Jim finds muses, fans and even students among the New York City community and beyond. He’s on the advisory board of The Creative Center, which teaches art to people dealing with major illness, and he teaches found-object sculpture at the University Settlement, which provides educational and social services to low-income and immigrant families.
“Any not-for-profit that wants a piece of sculpture for an auction gets one,” he says, “and then anything I sell, half of the money goes to either the Creative Center or a scholarship fund at a preschool that I like, because I’m a very big believer in primary education.
Sculpting his own vision
“I’m always looking at things people are throwing away and seeing if I can make it into art,” he says. “So that’s what I do in my sculpture, and I think sometimes that’s also what I do with words. And little things that you wouldn’t think of that can, in fact, become a poem. … Everything is, in a way, a detail.”
His interest in transforming found objects began in early childhood, when he would bring home items that “wanted to be something else.” His mother told him, “You can only have the number of things that want to be something else that fit under the bed.”
“And I’ve kind of kept that as a general approach my whole life,” Jim says. He’s discovered that limits — whether in the form of tight quarters, haiku’s 5-7-5 syllable pattern, or even a corporate verbal brand — sometimes drive the creative spirit to greater heights.

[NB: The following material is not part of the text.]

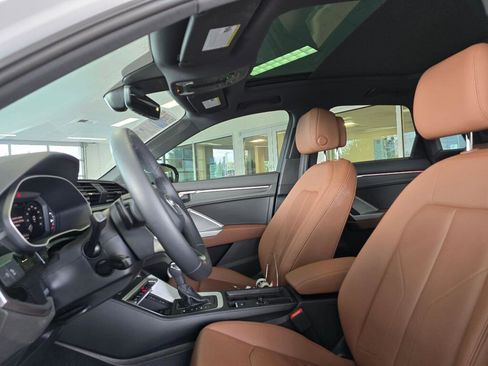 Used 2024 Audi Q3 2.0T Premium Plus image 23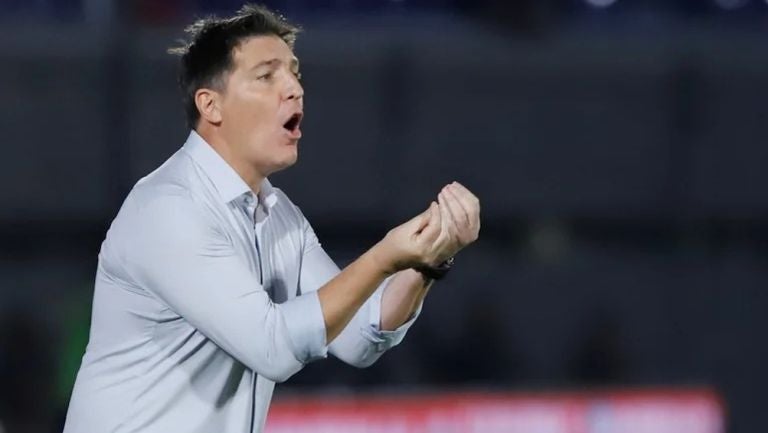 Eduardo Berizzo mientras dirige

Jim sent some of his poems to Open Thought Vortex (OTVmagazine.com), an online publication that had published some of his essays, and like OTV’s editor, he was surprised by the positive reaction.
“It has just been amazing,” he says. OTV ran Jim’s essay about his dog’s fierce showdown with a rude bicyclist on a New York City sidewalk, and included several of his poems about his canine bodyguard. “It was one of the most popular pieces they’ve ever published,” he recalls.

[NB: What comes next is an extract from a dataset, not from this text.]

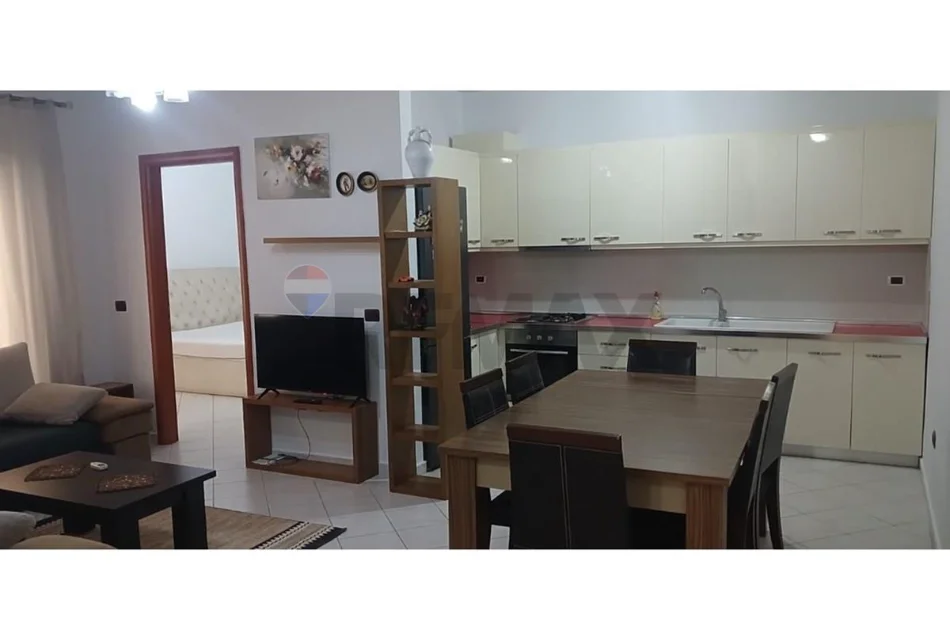 Tirane, jepet me qera apartament 1+1 Kati 2, 62 m² (Kopshti Botanik, Tiranë)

Now, with a book out, he has a growing legion of fans.
“A lot of them talk about how they find themselves smiling and then also have a sense of tears,” Jim says. “Which is something I learned from my mother, who always said the mask of tragedy has two sides, and you can’t have one without the other.”
Jim is especially humbled by those who don’t typically read poetry but stumbled upon his work and felt compelled to pass it along.

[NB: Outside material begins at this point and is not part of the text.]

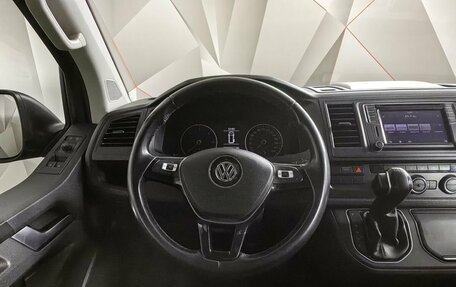 Volkswagen Multivan T6 рестайлинг, 2018 год, 4 099 700 рублей, 15 фотография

“I hadn’t realized that that level of connecting was happening with my work,” he says.
Jim’s success comes from his embrace of the world, whether that’s in a creative circle or a cubicle. And, in the end, he says finding your voice requires being a student of varying perspectives and disciplines, and being open to inspiration wherever it lurks.
“One of the things I love about the whole Samurai code is that, yes, you’re supposed to be able to slice your opponent into 53 thin pieces, but you should also be able to arrange flowers,” he says. “Everybody is an artist. Now how you express it is totally up to you.”
Jim’s book, Everything Becomes a Poem, is available at most major online and retail book sellers, as well as many independent book stores.